[Directions for this task] Once the line holding "Classic Home - Corda" is found in the listing below, write it out and each later line exactly, up to and including the one holding "Make Iron pan, geese step 1".

[Exercise data]
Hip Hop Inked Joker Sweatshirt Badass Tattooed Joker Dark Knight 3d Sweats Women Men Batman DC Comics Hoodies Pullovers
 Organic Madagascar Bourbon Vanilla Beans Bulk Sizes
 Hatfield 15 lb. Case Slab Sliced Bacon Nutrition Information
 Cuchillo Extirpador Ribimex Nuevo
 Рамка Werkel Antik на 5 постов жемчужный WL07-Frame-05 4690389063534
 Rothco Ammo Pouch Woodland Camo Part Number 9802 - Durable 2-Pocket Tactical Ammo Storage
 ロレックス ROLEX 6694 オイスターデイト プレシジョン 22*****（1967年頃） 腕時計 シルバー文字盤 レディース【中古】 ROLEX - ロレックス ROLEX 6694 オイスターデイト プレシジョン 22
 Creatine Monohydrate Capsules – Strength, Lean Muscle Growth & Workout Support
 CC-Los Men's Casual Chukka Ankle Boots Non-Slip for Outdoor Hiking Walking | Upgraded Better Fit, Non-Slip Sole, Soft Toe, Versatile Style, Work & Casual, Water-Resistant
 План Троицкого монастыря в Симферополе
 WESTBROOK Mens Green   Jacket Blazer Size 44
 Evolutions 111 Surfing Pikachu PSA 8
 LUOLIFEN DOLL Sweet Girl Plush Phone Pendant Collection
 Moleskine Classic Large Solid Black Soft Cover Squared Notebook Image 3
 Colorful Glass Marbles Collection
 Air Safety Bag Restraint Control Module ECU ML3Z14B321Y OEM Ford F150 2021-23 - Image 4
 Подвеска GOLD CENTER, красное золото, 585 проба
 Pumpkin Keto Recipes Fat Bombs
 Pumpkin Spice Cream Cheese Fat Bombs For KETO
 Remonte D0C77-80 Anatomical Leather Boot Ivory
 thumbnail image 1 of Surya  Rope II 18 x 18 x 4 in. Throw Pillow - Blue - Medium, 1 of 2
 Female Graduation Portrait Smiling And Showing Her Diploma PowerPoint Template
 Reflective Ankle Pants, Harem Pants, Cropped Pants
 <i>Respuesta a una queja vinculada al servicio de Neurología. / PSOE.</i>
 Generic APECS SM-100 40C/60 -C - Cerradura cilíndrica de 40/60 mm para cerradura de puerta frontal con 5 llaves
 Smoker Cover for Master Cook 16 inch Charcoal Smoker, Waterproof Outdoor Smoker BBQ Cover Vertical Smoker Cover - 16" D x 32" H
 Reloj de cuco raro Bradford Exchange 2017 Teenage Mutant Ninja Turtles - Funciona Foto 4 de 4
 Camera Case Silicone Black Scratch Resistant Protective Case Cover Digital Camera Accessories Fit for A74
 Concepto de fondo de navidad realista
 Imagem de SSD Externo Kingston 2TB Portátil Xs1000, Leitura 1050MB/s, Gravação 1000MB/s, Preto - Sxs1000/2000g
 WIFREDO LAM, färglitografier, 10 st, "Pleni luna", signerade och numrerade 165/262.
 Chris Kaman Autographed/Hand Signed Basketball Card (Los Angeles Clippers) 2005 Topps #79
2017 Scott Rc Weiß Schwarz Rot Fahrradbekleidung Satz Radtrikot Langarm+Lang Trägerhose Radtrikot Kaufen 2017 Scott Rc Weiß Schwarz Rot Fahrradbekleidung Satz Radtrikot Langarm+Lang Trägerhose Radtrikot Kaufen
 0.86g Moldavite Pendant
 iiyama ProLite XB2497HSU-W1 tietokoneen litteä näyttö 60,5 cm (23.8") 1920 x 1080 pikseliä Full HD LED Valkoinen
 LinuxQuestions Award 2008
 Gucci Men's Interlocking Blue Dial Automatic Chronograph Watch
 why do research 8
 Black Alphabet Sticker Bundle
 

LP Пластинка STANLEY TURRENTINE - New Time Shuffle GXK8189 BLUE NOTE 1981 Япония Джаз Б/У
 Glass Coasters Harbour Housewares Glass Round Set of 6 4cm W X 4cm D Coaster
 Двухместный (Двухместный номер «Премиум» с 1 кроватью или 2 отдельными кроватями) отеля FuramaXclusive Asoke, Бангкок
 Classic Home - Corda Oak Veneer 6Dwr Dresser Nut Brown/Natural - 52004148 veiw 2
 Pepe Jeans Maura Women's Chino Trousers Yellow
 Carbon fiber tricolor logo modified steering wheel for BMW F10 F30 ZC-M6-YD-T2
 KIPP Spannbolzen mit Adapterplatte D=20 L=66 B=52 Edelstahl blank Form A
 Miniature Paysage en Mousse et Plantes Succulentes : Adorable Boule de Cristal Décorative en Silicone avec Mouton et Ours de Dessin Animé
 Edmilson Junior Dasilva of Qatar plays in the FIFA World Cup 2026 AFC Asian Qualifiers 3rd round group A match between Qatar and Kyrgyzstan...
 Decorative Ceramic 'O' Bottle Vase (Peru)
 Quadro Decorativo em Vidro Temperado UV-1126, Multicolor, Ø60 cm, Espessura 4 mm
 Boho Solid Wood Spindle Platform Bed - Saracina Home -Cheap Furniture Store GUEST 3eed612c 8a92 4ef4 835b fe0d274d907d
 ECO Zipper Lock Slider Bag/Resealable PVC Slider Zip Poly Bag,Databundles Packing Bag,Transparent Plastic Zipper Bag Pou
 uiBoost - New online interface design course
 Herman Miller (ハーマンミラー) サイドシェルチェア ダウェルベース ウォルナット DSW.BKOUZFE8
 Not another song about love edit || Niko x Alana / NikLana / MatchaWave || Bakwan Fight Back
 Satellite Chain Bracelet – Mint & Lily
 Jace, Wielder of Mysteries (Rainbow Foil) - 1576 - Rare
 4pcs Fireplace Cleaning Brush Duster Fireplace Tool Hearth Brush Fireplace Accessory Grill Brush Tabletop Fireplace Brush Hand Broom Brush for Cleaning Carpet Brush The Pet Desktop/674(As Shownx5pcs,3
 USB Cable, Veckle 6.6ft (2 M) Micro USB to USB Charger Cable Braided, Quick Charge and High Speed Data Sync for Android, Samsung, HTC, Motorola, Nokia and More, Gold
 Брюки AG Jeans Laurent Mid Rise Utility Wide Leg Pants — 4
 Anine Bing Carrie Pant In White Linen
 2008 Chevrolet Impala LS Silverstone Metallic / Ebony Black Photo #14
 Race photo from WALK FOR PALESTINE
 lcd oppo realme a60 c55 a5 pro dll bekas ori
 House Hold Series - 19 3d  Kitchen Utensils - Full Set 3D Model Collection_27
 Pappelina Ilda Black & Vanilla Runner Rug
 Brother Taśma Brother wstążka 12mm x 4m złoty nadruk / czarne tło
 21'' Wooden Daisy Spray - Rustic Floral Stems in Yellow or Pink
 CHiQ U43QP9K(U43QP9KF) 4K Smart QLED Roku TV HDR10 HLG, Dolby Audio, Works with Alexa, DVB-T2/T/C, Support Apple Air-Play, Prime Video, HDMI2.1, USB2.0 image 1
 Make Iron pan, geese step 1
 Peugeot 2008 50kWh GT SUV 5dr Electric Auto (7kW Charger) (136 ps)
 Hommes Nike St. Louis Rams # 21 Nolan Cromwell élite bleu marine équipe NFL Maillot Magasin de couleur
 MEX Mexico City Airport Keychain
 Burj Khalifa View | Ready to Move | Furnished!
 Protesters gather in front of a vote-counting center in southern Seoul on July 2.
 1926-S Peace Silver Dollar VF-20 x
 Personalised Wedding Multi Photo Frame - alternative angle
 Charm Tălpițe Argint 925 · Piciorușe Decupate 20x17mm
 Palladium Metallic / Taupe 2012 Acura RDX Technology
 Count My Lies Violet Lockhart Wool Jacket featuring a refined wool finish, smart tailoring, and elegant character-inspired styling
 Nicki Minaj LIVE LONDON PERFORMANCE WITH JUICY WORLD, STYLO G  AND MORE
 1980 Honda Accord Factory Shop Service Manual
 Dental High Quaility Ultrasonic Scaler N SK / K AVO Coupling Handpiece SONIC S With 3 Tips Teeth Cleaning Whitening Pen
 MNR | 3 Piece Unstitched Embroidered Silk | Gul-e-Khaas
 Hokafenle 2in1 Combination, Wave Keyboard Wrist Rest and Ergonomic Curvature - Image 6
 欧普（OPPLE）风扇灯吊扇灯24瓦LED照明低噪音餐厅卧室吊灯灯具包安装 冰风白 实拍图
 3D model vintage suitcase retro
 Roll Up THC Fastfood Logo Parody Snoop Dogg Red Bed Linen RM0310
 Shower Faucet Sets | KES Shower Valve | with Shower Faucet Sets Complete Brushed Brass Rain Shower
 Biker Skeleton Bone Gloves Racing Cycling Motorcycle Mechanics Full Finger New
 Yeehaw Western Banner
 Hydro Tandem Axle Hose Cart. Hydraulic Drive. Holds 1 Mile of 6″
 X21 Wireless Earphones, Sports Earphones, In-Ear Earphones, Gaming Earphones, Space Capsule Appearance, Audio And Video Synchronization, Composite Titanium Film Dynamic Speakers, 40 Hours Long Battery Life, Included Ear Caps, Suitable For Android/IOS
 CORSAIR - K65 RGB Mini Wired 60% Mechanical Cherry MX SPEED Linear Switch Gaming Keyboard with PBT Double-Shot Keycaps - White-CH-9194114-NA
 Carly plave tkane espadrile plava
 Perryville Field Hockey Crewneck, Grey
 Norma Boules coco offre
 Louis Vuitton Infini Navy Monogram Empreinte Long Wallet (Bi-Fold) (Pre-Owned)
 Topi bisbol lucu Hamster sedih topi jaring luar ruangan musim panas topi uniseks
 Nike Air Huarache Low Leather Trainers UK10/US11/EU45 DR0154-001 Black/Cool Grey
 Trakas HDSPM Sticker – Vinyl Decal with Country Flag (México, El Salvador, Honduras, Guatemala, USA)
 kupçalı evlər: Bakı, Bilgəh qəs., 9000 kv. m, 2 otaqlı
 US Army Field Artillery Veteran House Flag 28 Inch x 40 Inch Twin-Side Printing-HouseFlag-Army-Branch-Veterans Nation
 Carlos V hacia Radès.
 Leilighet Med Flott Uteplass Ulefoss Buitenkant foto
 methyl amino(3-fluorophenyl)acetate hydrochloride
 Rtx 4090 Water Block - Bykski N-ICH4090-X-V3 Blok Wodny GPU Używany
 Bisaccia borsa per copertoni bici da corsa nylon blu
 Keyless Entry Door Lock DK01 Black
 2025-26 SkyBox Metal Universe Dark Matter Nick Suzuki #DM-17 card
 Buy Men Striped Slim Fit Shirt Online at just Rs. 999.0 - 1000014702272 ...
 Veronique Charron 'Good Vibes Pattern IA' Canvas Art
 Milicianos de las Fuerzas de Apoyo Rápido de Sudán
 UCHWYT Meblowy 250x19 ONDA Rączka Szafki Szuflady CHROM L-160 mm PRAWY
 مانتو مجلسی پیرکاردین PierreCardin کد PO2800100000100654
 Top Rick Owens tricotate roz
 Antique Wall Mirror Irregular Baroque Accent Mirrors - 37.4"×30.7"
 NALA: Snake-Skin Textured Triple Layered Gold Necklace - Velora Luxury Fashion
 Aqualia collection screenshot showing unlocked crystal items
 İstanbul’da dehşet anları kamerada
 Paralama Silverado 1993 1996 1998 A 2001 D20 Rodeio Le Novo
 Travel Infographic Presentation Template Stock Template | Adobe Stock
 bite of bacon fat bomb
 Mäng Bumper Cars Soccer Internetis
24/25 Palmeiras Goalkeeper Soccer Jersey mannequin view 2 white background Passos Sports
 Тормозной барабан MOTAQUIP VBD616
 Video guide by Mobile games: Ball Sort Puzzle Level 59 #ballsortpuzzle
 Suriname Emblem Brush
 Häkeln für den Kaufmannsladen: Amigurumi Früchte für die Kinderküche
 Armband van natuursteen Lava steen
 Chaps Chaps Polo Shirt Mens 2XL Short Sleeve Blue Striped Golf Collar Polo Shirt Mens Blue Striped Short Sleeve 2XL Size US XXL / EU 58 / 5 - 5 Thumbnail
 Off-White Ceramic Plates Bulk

[Answer to this exercise]
 Classic Home - Corda Oak Veneer 6Dwr Dresser Nut Brown/Natural - 52004148 veiw 2
 Pepe Jeans Maura Women's Chino Trousers Yellow
 Carbon fiber tricolor logo modified steering wheel for BMW F10 F30 ZC-M6-YD-T2
 KIPP Spannbolzen mit Adapterplatte D=20 L=66 B=52 Edelstahl blank Form A
 Miniature Paysage en Mousse et Plantes Succulentes : Adorable Boule de Cristal Décorative en Silicone avec Mouton et Ours de Dessin Animé
 Edmilson Junior Dasilva of Qatar plays in the FIFA World Cup 2026 AFC Asian Qualifiers 3rd round group A match between Qatar and Kyrgyzstan...
 Decorative Ceramic 'O' Bottle Vase (Peru)
 Quadro Decorativo em Vidro Temperado UV-1126, Multicolor, Ø60 cm, Espessura 4 mm
 Boho Solid Wood Spindle Platform Bed - Saracina Home -Cheap Furniture Store GUEST 3eed612c 8a92 4ef4 835b fe0d274d907d
 ECO Zipper Lock Slider Bag/Resealable PVC Slider Zip Poly Bag,Databundles Packing Bag,Transparent Plastic Zipper Bag Pou
 uiBoost - New online interface design course
 Herman Miller (ハーマンミラー) サイドシェルチェア ダウェルベース ウォルナット DSW.BKOUZFE8
 Not another song about love edit || Niko x Alana / NikLana / MatchaWave || Bakwan Fight Back
 Satellite Chain Bracelet – Mint & Lily
 Jace, Wielder of Mysteries (Rainbow Foil) - 1576 - Rare
 4pcs Fireplace Cleaning Brush Duster Fireplace Tool Hearth Brush Fireplace Accessory Grill Brush Tabletop Fireplace Brush Hand Broom Brush for Cleaning Carpet Brush The Pet Desktop/674(As Shownx5pcs,3
 USB Cable, Veckle 6.6ft (2 M) Micro USB to USB Charger Cable Braided, Quick Charge and High Speed Data Sync for Android, Samsung, HTC, Motorola, Nokia and More, Gold
 Брюки AG Jeans Laurent Mid Rise Utility Wide Leg Pants — 4
 Anine Bing Carrie Pant In White Linen
 2008 Chevrolet Impala LS Silverstone Metallic / Ebony Black Photo #14
 Race photo from WALK FOR PALESTINE
 lcd oppo realme a60 c55 a5 pro dll bekas ori
 House Hold Series - 19 3d  Kitchen Utensils - Full Set 3D Model Collection_27
 Pappelina Ilda Black & Vanilla Runner Rug
 Brother Taśma Brother wstążka 12mm x 4m złoty nadruk / czarne tło
 21'' Wooden Daisy Spray - Rustic Floral Stems in Yellow or Pink
 CHiQ U43QP9K(U43QP9KF) 4K Smart QLED Roku TV HDR10 HLG, Dolby Audio, Works with Alexa, DVB-T2/T/C, Support Apple Air-Play, Prime Video, HDMI2.1, USB2.0 image 1
 Make Iron pan, geese step 1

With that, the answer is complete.